Claro, se ela não fosse viúva, Huang Shu a tornaria viúva. Quem disse que ladrões de túmulos não matam? Já matou pelo menos dez pessoas. Para fazer alguém morrer sem doença nem acidente, há muitos métodos...

Aquele terrível marquês destruiu o sonho mais bonito de sua vida. Sempre que pensava no passado, por mais belas que fossem as lembranças, terminavam em um banho de sangue vermelho vivo. Sentia-se exausto, seus braços já não tinham a força de antes. Atribuía tudo ao fato de o marquês ter extraído muito sangue dele.

O pequeno gorducho curioso não veio hoje, talvez por causa da chuva. Passando tanto tempo no subterrâneo, ele sabia pela sutil mudança na parede da cela que lá fora caía uma chuva forte.

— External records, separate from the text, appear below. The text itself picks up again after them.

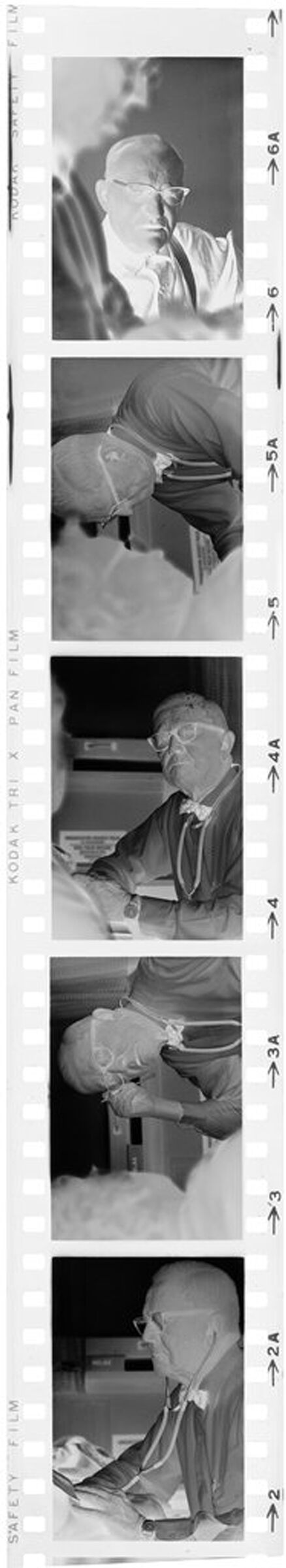 Untitled (Dr. Herman M. Juergens Talking With Patients In Exam Room)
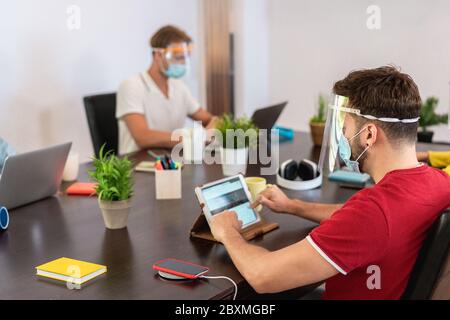 I giovani che lavorano all'interno di un ufficio creativo di codorking mentre indossano una maschera protettiva per la prevenzione della diffusione del coronavirus - Social Distancing, TECH A. Foto Stock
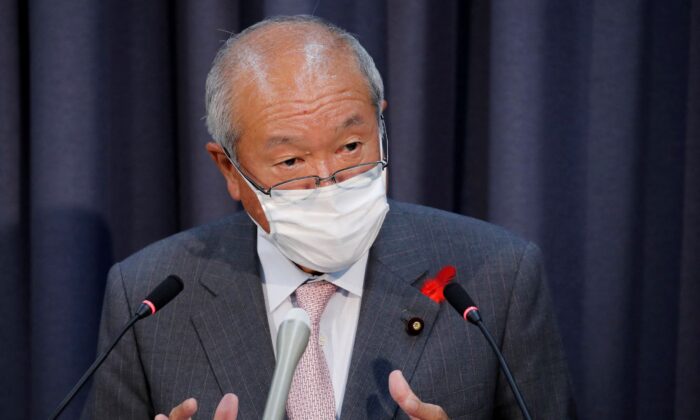 Japan's new Finance Minister Shunichi Suzuki wearing a protective mask, amid the coronavirus disease (COVID-19) outbreak, speaks at a news conference in Tokyo, Japan, on Oct. 5, 2021. (Kim Kyung-Hoon/Reuters)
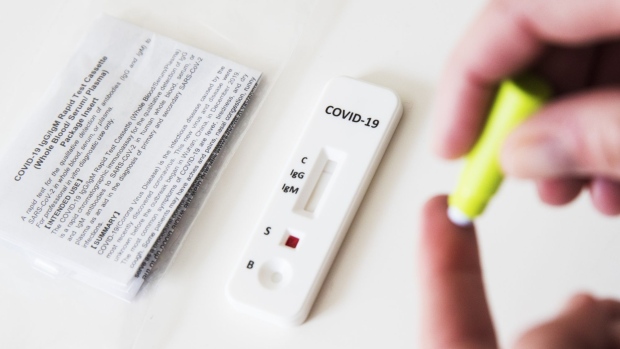 An at-home Covid-19 antibody rapid test cassette. Photographer: Adam Glanzman/Bloomberg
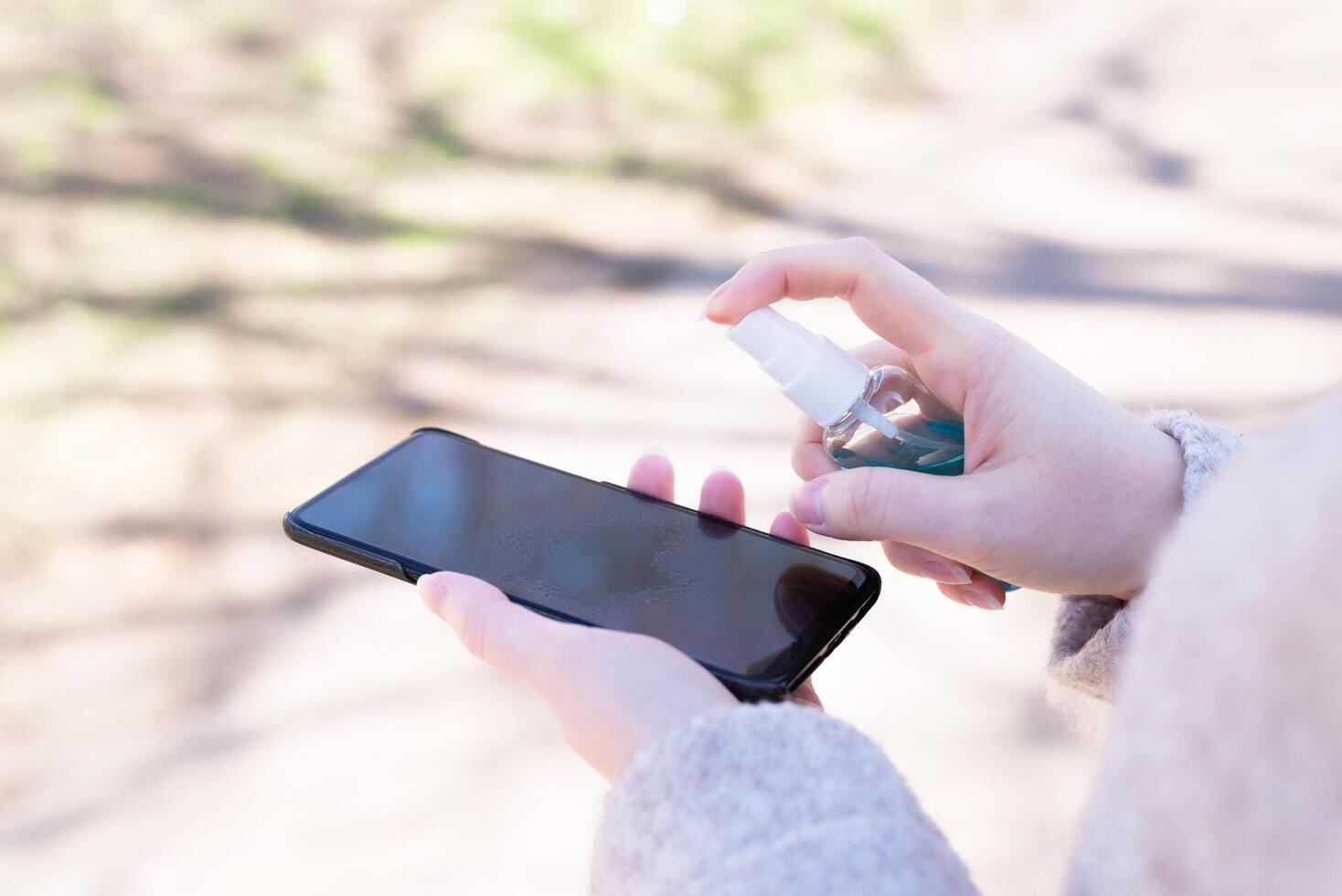 How to clean, sanitize your phone. Cleaning mobile phone to eliminate germs, coronavirus Covid-19. Man hands cleaning smartphone by disinfectant spray.Hygiene concept. photo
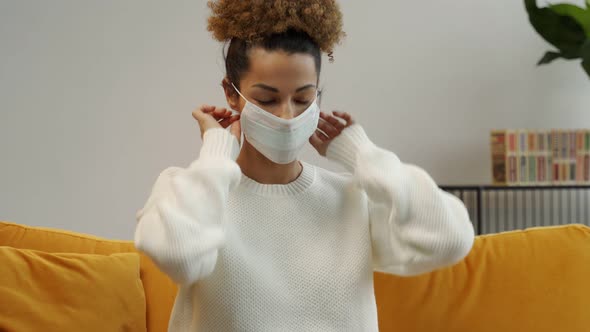 A Black Woman Puts a Mask on Her Face While Sitting on a Yellow Sofa at Home During a Virus Pandemic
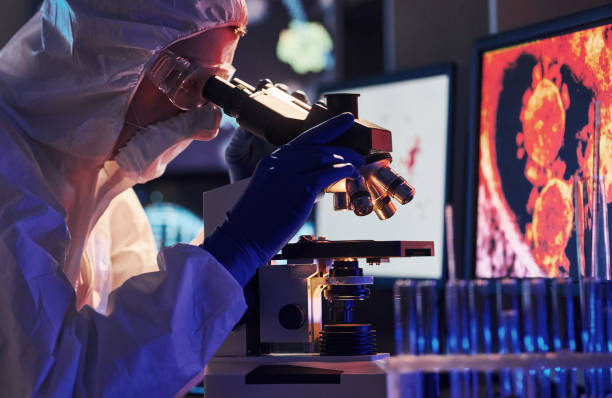 istock Scientist in white protective uniform near displays with data works with coronavirus and blood tubes in laboratory 1326048626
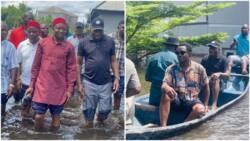 Viral photos show former President Jonathan riding in a canoe as he visits flood victims in Bayelsa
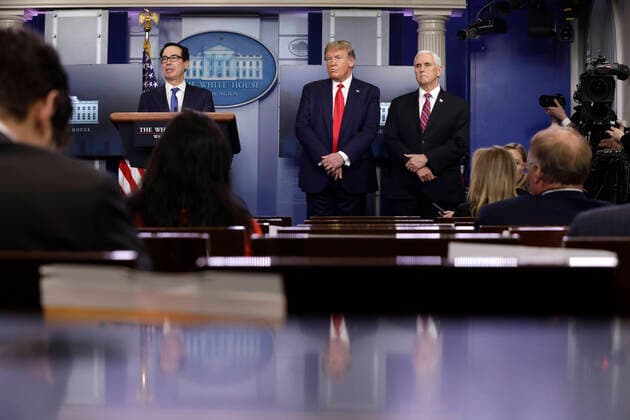 United States President Donald J. Trump reacts as he stands between US Secretary of the Treasury Steven T. Mnuchin and US Vice President Mike Pence at the Coronavirus Task Force press briefing at the White House in Washington on April 13, 2020. Copyright: xYurixGripasx xPoolxviaxCNPx MediaPunchx
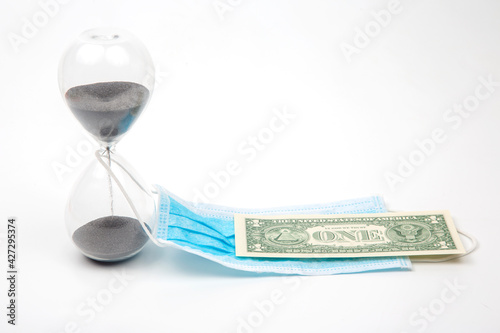 hourglass, dollar and medical mask on a white background. time and protection from the virus. financial losses due to the virus epidemic. business in medicine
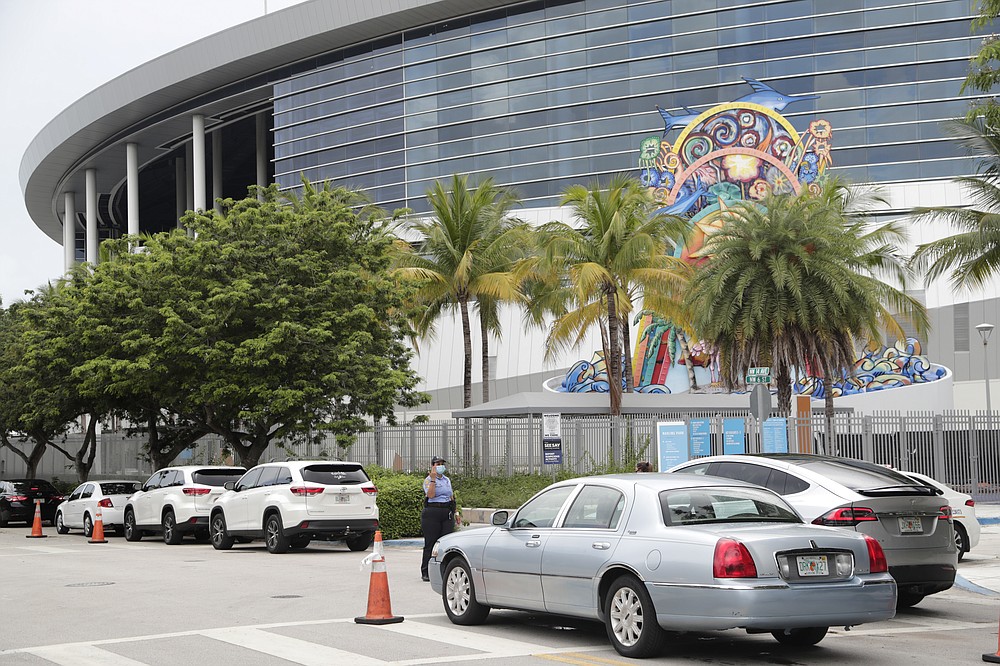 Vehicles pass by the home run sculpture as they wait in line outside of Marlins Park at a COVID-19 testing site during the coronavirus pandemic, Monday, July 6, 2020, in Miami. The long line of cars each morning as players arrive at work provides a reminder of the risks when they leave. Behavior away from the ballpark will be a big factor in determining whether Major League Baseball's attempt to salvage the 2020 season can succeed. (AP Photo/Lynne Sladky)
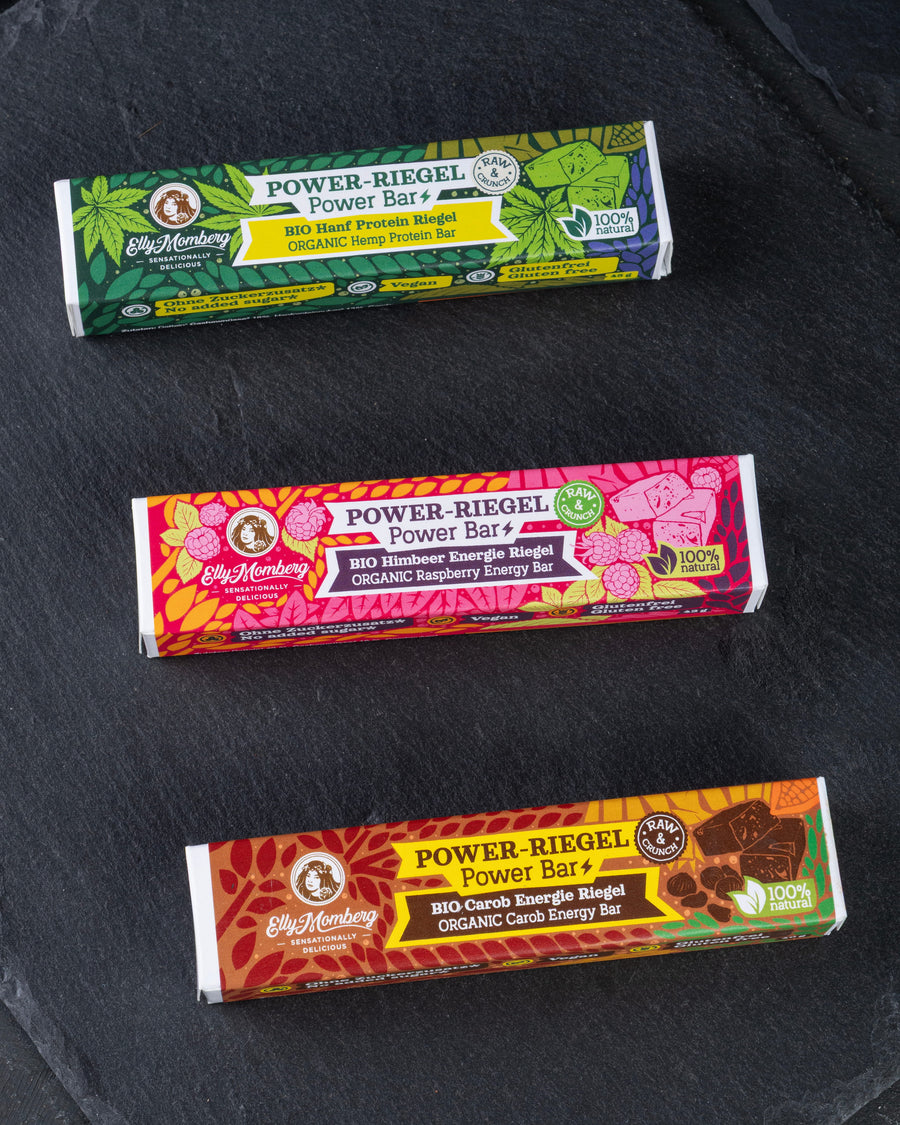 Energie Riegel, Power, Rohkost, Protein, Eiweiß, Pre Workout, Sport, Fitness, laktosefrei, vegan, glutenfrei, ohne Zuckerzusatz, Carob, Johannisbrotkernbaum, Dattel, Elly Momberg, Bio, Organic, Hanf, Himbeer, Haselnüsse
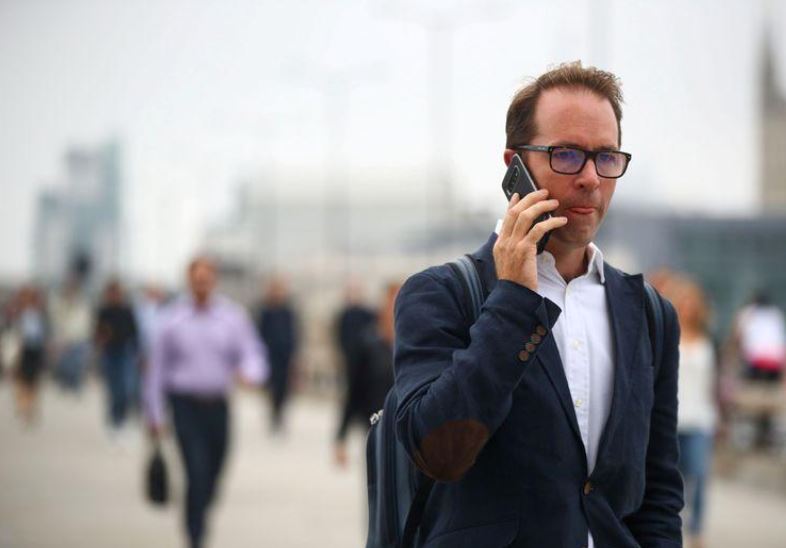 FILE PHOTO: A man talks on his mobile phone as commuters walk across the London Bridge during the morning rush hour, amid an outbreak of the coronavirus disease (COVID-19), in London, Britain September 21, 2020. Photo: Reuters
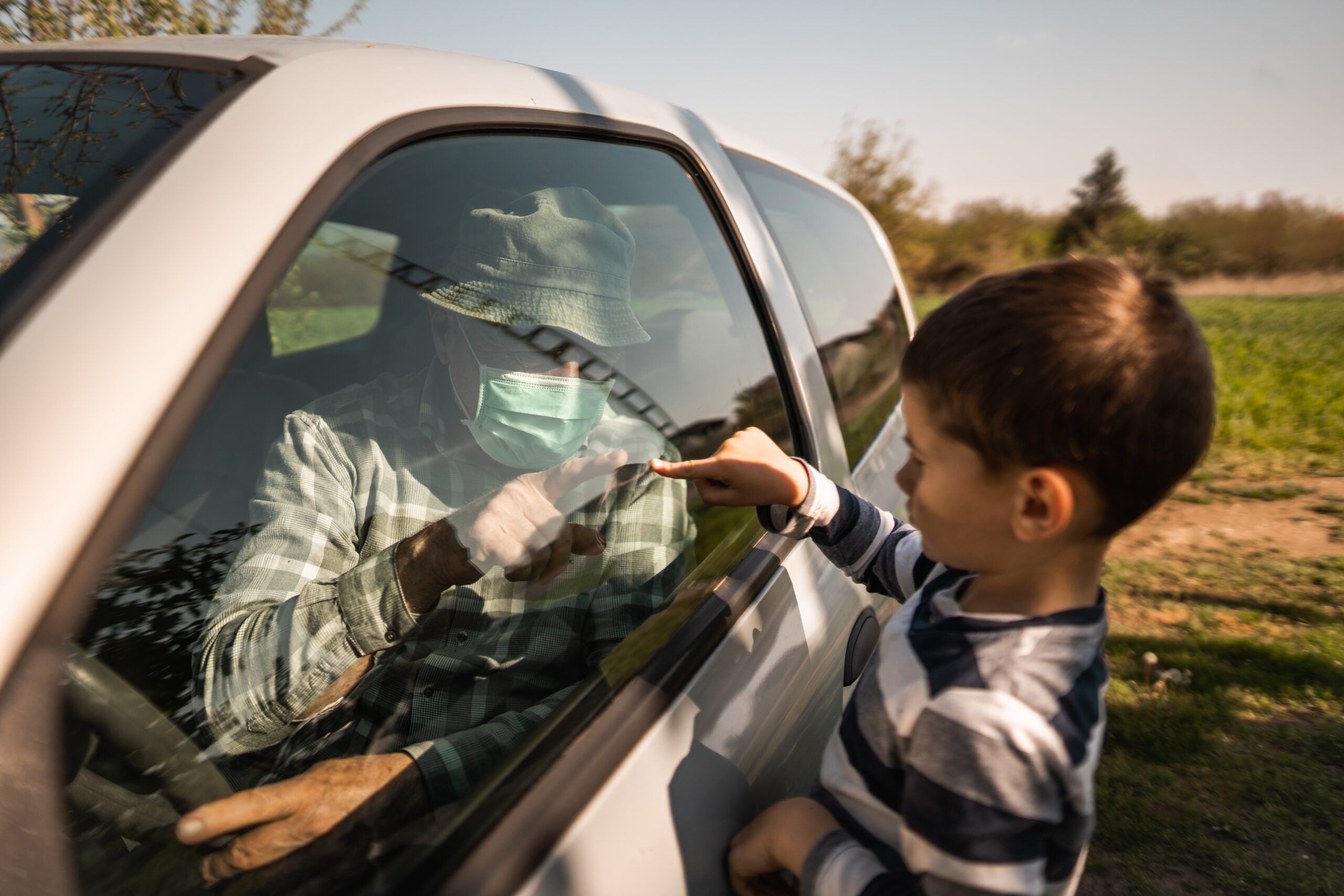 Grandfather and grandson, greeting through car window during coronavirus pandemic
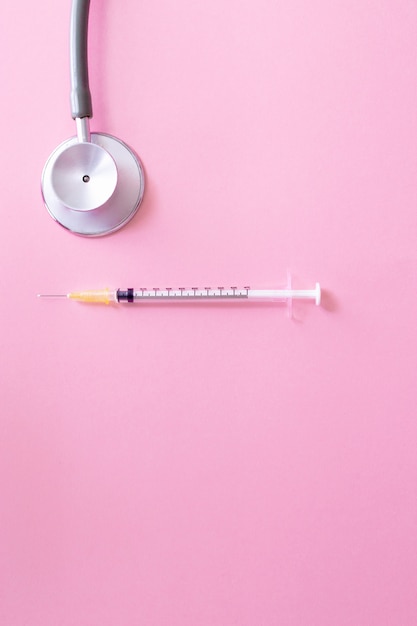 Stethoscope and syringe on pink table for coronavirus prevention.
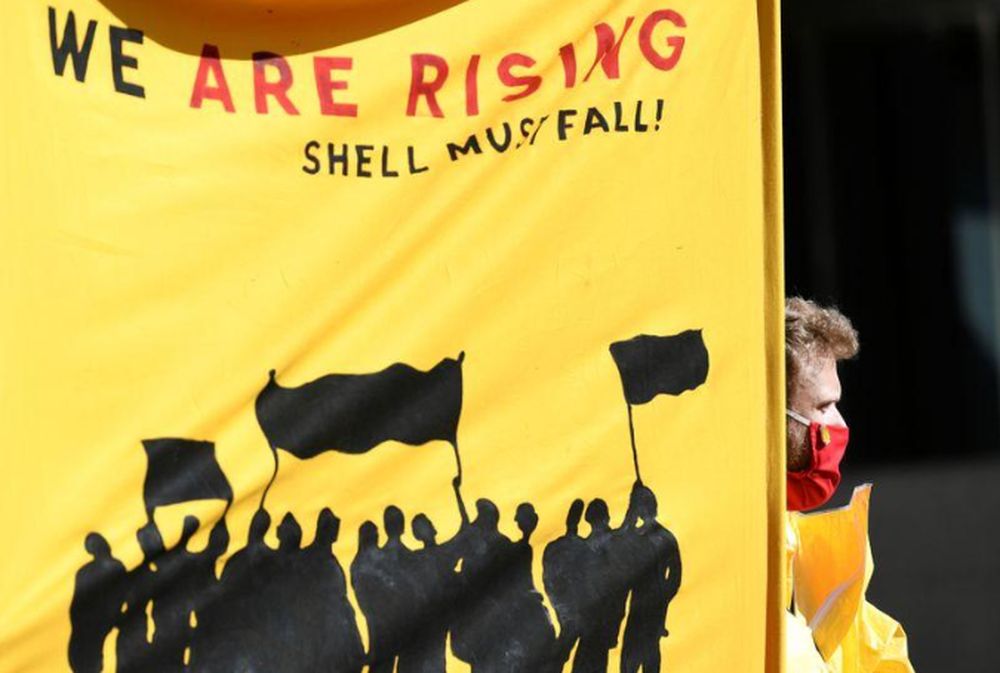 A banner is pictured during a demonstration outside of the Shell headquarters, as the spread of the coronavirus disease (Covid-19) continues, in The Hague, Netherlands, May 19, 2020. u00e2u20acu201d Reuters pic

Os passos do lado de fora foram se afastando; os guardas da família Yun iam descansar na superfície. Uma colher de ferro escorregou da manga dele, e ele a segurou com o pulso curvado. Lentamente, afastou-se da cama e encontrou um buraco na parede, grande o suficiente para uma pessoa passar. Ele entrou nele e começou a cavar com a colher, que já estava bastante afiada. Felizmente, ali não havia muitas pedras...

Página (3/3)

A luz no quarto de Yun Ye ainda estava acesa. Os mestres haviam bebido demais para andar à noite, então foram acomodados na casa da família Yun. Ele próprio voltou ao colégio para ficar de vigia, mas mal chegou e foi puxado pelo diligente estudante Li Tai para resolver uma questão de matemática.

“Yezi, se uma sala tem oito pés de largura e seis pés de comprimento, quanto peso de terra seria necessário para preenchê-la?”

“Essa questão não pode ser calculada.”

“Por que não? Você disse que tudo neste mundo pode ser medido.”

“Claro que pode, mas a pergunta que você fez falta uma condição. Você pode me dizer qual o peso de um bloco de terra de três pés de comprimento, três pés de largura e três pés de altura? Só sabendo isso você pode calcular sua questão.”

“Então, para resolver esse tipo de problema, é necessário primeiro conhecer o peso sob dimensões fixas?” Li Tai olhou para Yun Ye com olhos arregalados.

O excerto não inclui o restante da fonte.